Well, as luck or what not would have it, Amanda and I had a perfect girl name picked out and we are having a boy!
So now I’m thinking about some boy names and I must say that I’ve been inspired by all of you Methobloggers. Please not that I am part French and have a funny way of pronouncing some things…
John Zombie Morrow (pronounced “disturbingly secret identity” Morrow)
Mbwr Bevere Morrow (pronounced “embewer” Bevere Morrow)
BWIII Morrow (pronounced “bewethree” Morrow)
Gavoweb Emerging Morrow (pronounced “post-modern” Morrow)
Ken Hagler Morrow (pronounced “the force be with you” Morrow)
QP Morrow (pronounced “I speak in the 3rd person” Morrow)
Mark Winter Morrow (pronounced “nasty barbecue” Morrow)
Let me know what you think. I’m trying to have this baby named before my wife gets home tonight–people have been telling me I should do more for her to make sure she can relax…
I declare blog war on you, Mark Winter, blog war.
I will launch my first attack after I finish this savory BBQ pork sandwich and boiled peanuts that I will wash down with a peach sweet tea.
At first when you called them “gooshy wet peanuts,” I cried. Then I denied it. Then I thought I could accept it. But I cannot. Do not insult my…

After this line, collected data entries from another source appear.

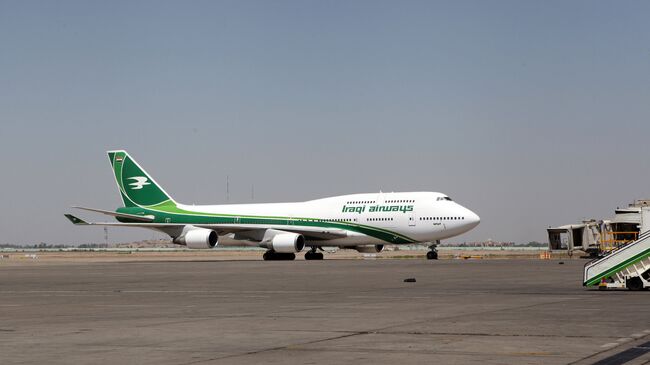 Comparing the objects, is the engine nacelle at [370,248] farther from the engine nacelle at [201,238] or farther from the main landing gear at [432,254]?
the engine nacelle at [201,238]

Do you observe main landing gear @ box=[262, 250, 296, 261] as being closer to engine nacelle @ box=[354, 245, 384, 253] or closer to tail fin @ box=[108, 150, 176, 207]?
engine nacelle @ box=[354, 245, 384, 253]

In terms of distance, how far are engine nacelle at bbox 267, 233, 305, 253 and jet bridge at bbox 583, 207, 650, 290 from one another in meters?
37.7

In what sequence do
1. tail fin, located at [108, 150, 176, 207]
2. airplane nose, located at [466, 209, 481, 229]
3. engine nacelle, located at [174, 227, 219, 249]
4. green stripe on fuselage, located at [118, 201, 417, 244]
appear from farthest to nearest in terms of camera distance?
tail fin, located at [108, 150, 176, 207], engine nacelle, located at [174, 227, 219, 249], green stripe on fuselage, located at [118, 201, 417, 244], airplane nose, located at [466, 209, 481, 229]

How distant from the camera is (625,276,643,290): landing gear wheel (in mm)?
24500

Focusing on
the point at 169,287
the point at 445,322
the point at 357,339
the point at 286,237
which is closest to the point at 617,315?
the point at 445,322

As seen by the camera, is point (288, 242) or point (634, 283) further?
point (288, 242)

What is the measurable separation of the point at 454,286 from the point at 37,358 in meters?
18.5

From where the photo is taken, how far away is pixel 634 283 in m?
24.6

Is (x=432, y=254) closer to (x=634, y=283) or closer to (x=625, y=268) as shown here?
(x=625, y=268)

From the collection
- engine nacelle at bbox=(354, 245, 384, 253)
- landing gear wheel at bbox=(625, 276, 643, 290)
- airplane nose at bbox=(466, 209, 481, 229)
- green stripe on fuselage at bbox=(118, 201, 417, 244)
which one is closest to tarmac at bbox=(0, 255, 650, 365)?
landing gear wheel at bbox=(625, 276, 643, 290)

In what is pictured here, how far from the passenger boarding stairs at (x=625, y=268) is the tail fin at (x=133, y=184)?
161 feet

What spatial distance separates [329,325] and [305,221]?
49.6 m

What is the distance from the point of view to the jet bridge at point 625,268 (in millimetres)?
24266

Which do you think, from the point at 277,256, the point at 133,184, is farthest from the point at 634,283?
the point at 133,184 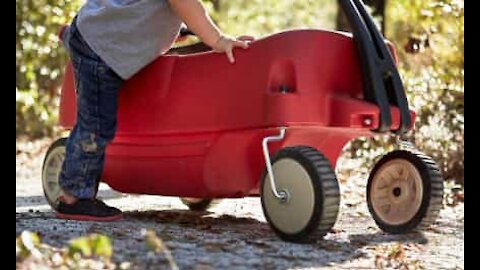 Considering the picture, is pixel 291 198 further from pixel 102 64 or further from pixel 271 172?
pixel 102 64

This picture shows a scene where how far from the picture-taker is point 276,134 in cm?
339

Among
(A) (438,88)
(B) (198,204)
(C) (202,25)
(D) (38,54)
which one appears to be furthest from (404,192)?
(D) (38,54)

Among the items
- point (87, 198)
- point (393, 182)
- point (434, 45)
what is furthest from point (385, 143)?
point (87, 198)

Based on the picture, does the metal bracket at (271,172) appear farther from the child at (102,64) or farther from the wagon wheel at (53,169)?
the wagon wheel at (53,169)

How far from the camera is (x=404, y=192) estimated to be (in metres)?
3.57

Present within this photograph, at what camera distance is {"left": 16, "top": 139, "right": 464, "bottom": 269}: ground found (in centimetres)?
282

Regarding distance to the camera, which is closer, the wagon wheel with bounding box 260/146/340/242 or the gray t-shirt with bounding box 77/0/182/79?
the wagon wheel with bounding box 260/146/340/242

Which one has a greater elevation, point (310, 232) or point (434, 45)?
point (434, 45)

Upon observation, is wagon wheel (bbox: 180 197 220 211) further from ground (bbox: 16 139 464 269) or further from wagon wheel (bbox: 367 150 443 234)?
wagon wheel (bbox: 367 150 443 234)

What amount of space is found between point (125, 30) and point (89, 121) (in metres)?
0.36

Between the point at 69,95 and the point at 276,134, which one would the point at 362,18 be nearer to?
the point at 276,134

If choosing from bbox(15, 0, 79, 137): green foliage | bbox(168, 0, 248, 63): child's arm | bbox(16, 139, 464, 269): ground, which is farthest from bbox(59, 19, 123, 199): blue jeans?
bbox(15, 0, 79, 137): green foliage

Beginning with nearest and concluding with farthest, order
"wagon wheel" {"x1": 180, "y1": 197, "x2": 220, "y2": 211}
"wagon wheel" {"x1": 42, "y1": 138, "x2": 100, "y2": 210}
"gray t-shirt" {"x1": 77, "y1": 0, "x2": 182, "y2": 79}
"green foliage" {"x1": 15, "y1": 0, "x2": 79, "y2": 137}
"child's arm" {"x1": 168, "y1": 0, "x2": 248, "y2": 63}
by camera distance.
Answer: "child's arm" {"x1": 168, "y1": 0, "x2": 248, "y2": 63}
"gray t-shirt" {"x1": 77, "y1": 0, "x2": 182, "y2": 79}
"wagon wheel" {"x1": 42, "y1": 138, "x2": 100, "y2": 210}
"wagon wheel" {"x1": 180, "y1": 197, "x2": 220, "y2": 211}
"green foliage" {"x1": 15, "y1": 0, "x2": 79, "y2": 137}

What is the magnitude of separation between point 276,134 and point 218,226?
1.73 feet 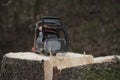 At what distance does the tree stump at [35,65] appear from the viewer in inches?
220

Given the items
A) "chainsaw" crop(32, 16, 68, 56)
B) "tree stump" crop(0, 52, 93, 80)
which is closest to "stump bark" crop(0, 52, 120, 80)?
"tree stump" crop(0, 52, 93, 80)

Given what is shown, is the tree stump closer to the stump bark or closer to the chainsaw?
the stump bark

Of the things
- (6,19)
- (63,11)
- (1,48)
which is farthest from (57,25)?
(63,11)

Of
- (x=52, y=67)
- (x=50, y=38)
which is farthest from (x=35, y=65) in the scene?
(x=50, y=38)

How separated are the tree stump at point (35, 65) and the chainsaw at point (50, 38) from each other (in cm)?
12

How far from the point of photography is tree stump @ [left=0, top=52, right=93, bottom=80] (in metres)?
5.60

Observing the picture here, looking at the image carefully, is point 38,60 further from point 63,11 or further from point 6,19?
point 63,11

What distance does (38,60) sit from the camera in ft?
18.5

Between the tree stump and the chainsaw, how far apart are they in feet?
0.38

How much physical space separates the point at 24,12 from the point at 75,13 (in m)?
1.80

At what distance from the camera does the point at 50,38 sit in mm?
6180

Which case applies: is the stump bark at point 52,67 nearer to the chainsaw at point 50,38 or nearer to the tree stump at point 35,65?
the tree stump at point 35,65

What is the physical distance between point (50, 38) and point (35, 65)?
658 millimetres

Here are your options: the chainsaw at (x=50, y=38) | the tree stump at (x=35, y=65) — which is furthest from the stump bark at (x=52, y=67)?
the chainsaw at (x=50, y=38)
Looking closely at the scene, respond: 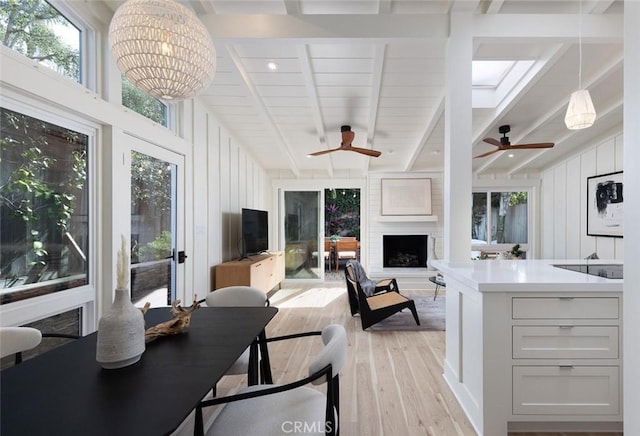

UPDATE : Mark, I think I’m going to have to postpone the blog war I had in store for you. It turns out that I couldn’t rouse an army to march all the way to Texas–especially when I told them that there would be no BBQ pork. Next I waited to see if you would attack and then I realized that you don’t know my address. My wife wondered why I was waiting by the door with my Super Soaker filled with BBQ sauce…. So until some blogwar veterans can share some tips with me, know that if I could have, I would have taught you a war type lesson about insulting boiled peanuts and BBQ Pork.